Many onshore wind farms may become uneconomic warn the renewables industry after the government announces new planning rules giving communities more power to object to new schemes.
To the delight of fellow Tory MPs, Housing Minister Mark Prisk told the House of Commons that the need to meet the UK’s energy targets does not justify “the wrong development in the wrong location.”
“We need to ensure that protecting the local environment is properly considered alongside protecting the global environment”.
The new guidance tells councils that local concerns must take precedence over renewable energy needs as well as giving more emphasis to the impact of turbines on the landscape.
The new package of measures will also significantly increase the amount of money communities receive for hosting wind farms, including discounted energy bills.

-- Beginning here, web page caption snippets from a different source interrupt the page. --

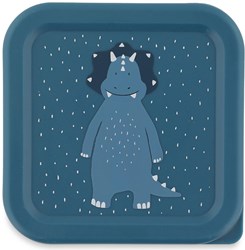 Trixie set snack box - 3 pezzi contenitori pranzo Mr. Triceratops blu
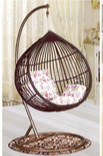 Modern Outdoor Garden Hanging Egg Swing Chair with Cushion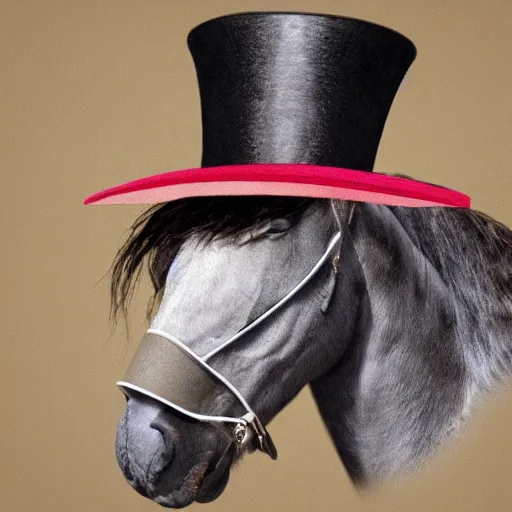 Prompt: horse with a tophat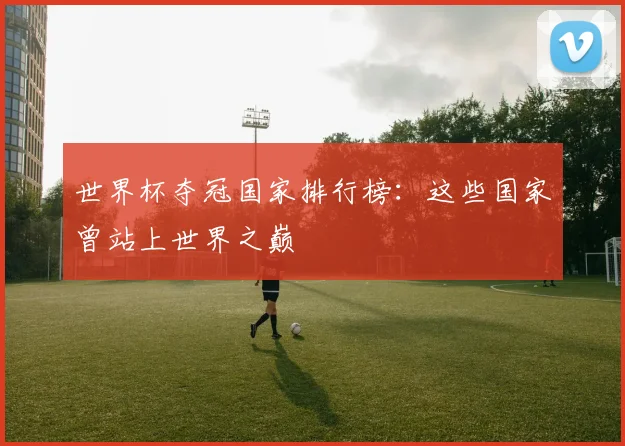 世界杯夺冠国家排行榜:这些国家曾站上世界之巅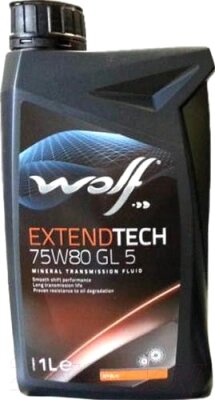 Трансмиссионное масло WOLF ExtendTech 75W80 GL 5 / 2300/1 от компании Бесплатная доставка по Беларуси - фото 1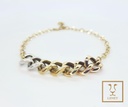 PULSERA ESLABON LOMO TRES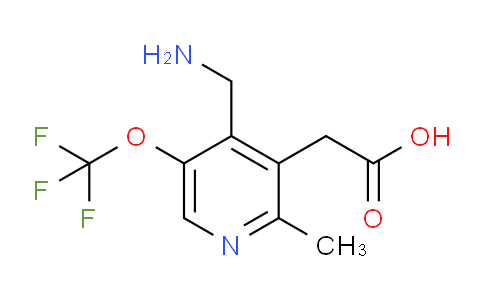 4-(Aminomethyl)-2-methyl-5-(trifluoromethoxy)pyridine-3-acetic acid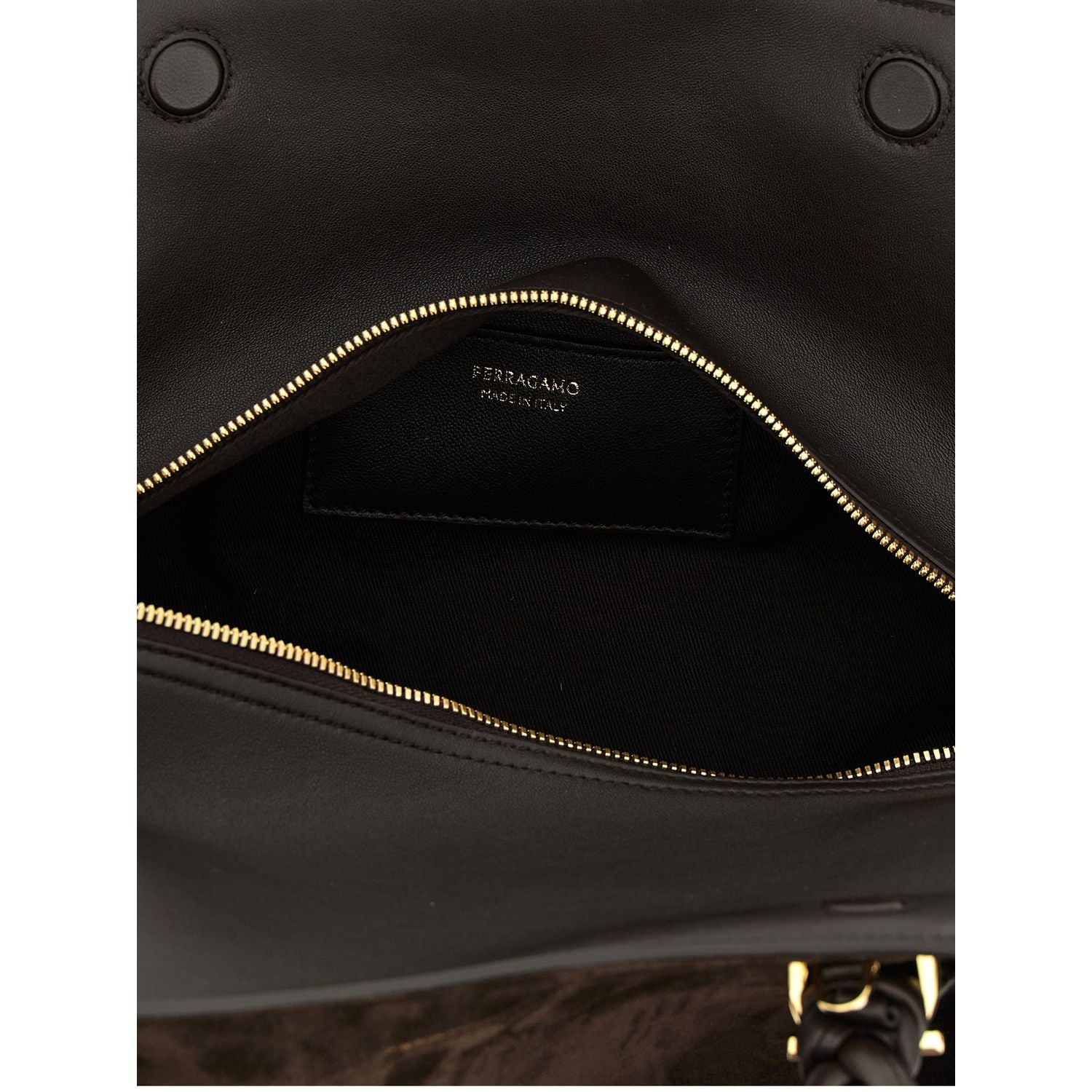 Ferragamo Brown Goatskin Handbag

Developers will be expected to give residents five times what they currently pay for allowing turbines in their area, an increase from £1,000 per megawatt of installed power to £5,000. An area agreeing to a medium-sized 20 megawatt wind farm that might involve around 10 turbines could receive benefits worth £100,000 a year or see up £400 cut from each household’s bill.
Developers will now be expected to meet higher standards in engaging with local communities. Those proposing more significant onshore wind schemes will be required to consult with local communities before submitting their application.
Green energy company Ecotricity’s founder Dale Vince has claimed this is “just another Government move against onshore wind dressed up as localism”.
“Britain has 40 per cent of Europe’s wind resource and onshore wind power is the cheapest form of renewable energy available today. The new planning guidelines introduced last year have already changed the balance against onshore wind.
“Planning approval rates plummeted to a historic low of 35 per cent over the last year, half of what they’ve traditionally been. Let’s not forget, that we will all benefit from lower energy bills in the long term by investing in wind power and weaning ourselves off imported fossil fuels.”
Onshore wind has provided 3 per cent of the UK’s electricity supplies in 2011. There are more than 4,000 turbines are in operation across the country, with almost 6,000 under or awaiting construction.
Maria McCaffery, chief executive of RenewableUK, highlighted the cost of developing wind farms, which involves a lot of investment upfront.
“By following the government’s advice that we should pay substantially more into community funds for future projects, will unfortunately make some planned wind energy developments uneconomic in England.”
“That said, we recognise the need to ensure good practice across the industry and will continue to work with Government and local authorities to benefit communities right across the country which are hosting our clean energy future.”
Onshore wind farms have proved a toxic political issue in the constituencies of many Conservative MPs. In the House of Commons on Thursday, Julian Smith, the MP for Skipton and Ripon, asked:
Would you agree with me that today is a victory for the Conservative Party, which has finally brought some sanity and good sense to a very dubious energy policy?”
Housing Minister Mr Prisk – a fellow Conservative – replied: “I think the sad part about this is that (Labour) seem to have no understanding about why local voices matter. (Tory) MPs have raised time and again local issues, and so I agree with you that this about localism. It’s about giving power back to local people and we will ensure that happens.”
However Ed Davey, the Liberal Democrat Energy Secretary, has insisted the Government is still committed to “appropriately sited” wind farms as part of a low-carbon energy mix.
Mr Davey said: “It is important that onshore wind is developed in a way that is truly sustainable – economically, environmentally and socially, and today’s announcement will ensure that communities see the windfall from hosting developments near to them, not just the wind farm.
“We remain committed to the deployment of appropriately sited onshore wind, as a key part of a diverse, low carbon and secure energy mix and committed to an evidence-based approach to supporting low carbon power.”